Consumer priorities reinforce the trend. Surveys from Deloitte and other firms repeatedly rank price, battery life, and storage among the top purchase drivers. Camera and screen quality matter, but they’ve become “good enough” across tiers. Features that once lived behind four-figure paywalls have trickled down, compressing the gap in real-world experience.
Galaxy A37 and A57 Close the Gap on Essentials
Samsung is leaning into that equation. Both the $450 Galaxy A37 5G and $550 A57 5G include headline specs that buyers feel immediately: 6.7-inch AMOLED displays, large 5,000mAh batteries, and versatile multi-lens camera systems. They also deliver a quietly subversive upgrade — 45W wired charging — that outpaces the standard 25W rate on the Galaxy S26. Daily living with a phone is defined by how quickly you can top it up before running out the door; here, the cheaper models win on convenience.

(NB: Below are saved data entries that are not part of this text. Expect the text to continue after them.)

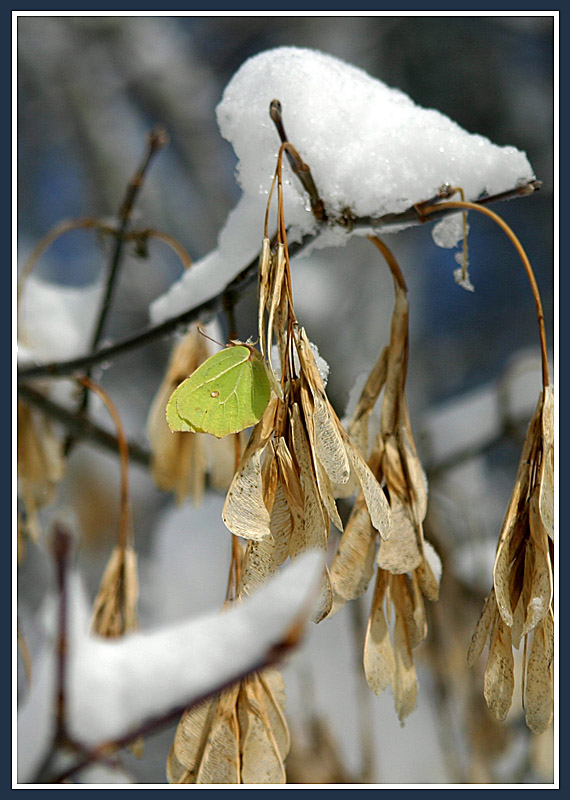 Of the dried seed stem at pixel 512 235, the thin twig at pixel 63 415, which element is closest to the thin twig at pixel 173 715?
the dried seed stem at pixel 512 235

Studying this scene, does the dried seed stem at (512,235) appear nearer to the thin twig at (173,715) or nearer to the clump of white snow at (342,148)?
the clump of white snow at (342,148)

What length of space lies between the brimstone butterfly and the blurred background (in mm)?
838

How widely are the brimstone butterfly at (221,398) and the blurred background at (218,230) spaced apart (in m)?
0.84

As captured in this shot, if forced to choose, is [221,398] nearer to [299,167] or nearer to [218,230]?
[299,167]

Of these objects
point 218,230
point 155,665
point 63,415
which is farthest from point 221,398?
point 218,230

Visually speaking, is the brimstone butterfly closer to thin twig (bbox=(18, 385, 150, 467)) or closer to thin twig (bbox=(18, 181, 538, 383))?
thin twig (bbox=(18, 181, 538, 383))

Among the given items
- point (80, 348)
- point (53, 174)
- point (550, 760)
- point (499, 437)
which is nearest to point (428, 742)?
point (550, 760)

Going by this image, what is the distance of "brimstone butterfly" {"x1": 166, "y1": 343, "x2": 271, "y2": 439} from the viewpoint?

Software longevity has improved, too. Samsung is offering six years of OS and security updates on these A-series devices, approaching the long-tail support that flagships tout. You give up niceties like wireless charging and top-tier silicon, but you’re not compromising on fundamentals. For most people, that’s the better trade.
The Carrier Effect and Pricing Power in the U.S.
In markets like the US, carriers play kingmaker. Midrange phones are the backbone of “free with trade-in,” BOGO, and switcher deals that dominate in-store conversations. They’re also the default recommendation when a shopper asks for “something good that won’t cost a fortune.” IDC notes that promotional intensity skews demand toward models with the highest perceived value, which is exactly where the A-series sits. The brand equity of Samsung seals the deal.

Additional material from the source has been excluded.